Peace Of the Galilee

In June 1982, after severe attacks on civilian targets in northern Israel, the IDF invaded to Lebanon to wipe out terrorist headquarters. The IAF was send in first to destroy the SAM and gain air superiority. Unlike the Yom Kippur War in 1973, this time the IAF was ready. With Shaldag support the IAF was able to destroy most SAM sites in Lebanon in just few hours, and subsequently shot down over 80 Syrian planes in dogfights without a single Israeli aircraft lost.

During the war, Shaldag was also involved in the notorious fight that took place in June 10, 1982, in which General Yakutiel Adam was killed in action. General Adam and his assistant joined a Shaldag team in a reconnaissance mission. The team entered into a ambush and General Adam and his assistant were killed. Most of the Shaldag team members were badly injured and were assisted by PALSAR Golani team.

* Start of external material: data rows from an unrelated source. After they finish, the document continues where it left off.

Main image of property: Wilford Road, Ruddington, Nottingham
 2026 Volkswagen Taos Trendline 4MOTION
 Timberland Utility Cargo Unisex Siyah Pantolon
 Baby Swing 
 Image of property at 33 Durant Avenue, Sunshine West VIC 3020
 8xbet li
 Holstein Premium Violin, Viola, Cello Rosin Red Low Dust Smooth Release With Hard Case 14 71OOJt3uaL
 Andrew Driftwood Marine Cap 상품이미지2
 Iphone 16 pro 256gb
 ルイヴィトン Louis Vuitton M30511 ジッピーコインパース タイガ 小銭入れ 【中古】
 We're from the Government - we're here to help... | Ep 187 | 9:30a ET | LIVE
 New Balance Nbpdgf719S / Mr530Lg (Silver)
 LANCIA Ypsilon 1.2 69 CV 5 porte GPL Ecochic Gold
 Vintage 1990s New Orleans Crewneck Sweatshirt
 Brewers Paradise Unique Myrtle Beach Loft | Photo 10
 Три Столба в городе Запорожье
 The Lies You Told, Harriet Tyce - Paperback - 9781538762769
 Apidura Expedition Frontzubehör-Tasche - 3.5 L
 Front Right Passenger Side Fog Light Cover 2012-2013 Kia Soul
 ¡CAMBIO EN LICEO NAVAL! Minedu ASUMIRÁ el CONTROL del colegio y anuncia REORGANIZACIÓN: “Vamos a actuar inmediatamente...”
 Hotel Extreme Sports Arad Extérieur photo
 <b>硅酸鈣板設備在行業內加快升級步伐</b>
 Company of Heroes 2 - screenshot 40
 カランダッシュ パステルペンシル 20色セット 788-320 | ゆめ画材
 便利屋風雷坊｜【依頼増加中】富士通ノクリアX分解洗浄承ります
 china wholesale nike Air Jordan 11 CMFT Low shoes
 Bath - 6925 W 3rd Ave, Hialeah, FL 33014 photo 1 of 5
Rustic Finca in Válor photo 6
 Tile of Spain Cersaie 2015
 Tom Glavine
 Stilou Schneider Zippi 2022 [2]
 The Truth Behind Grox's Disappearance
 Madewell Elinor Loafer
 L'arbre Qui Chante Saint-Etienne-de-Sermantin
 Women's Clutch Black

General Adam is the highest ranking officer killed in action from 1982 to date. He was due to be appointed as the new head of Mossad just few weeks after his premature death. In 1985, when the IDF founded its special training facility, it was named after him - "Mitkan Adam".

Undercover Missions

In 1986-1987, during the first years of the Palestinian uprising, Shaldag was among the first units to conduct undercover missions wearing plain cloths. These missions took place prior to the formation and deployment of Shimshon and Duvdevan in 1987.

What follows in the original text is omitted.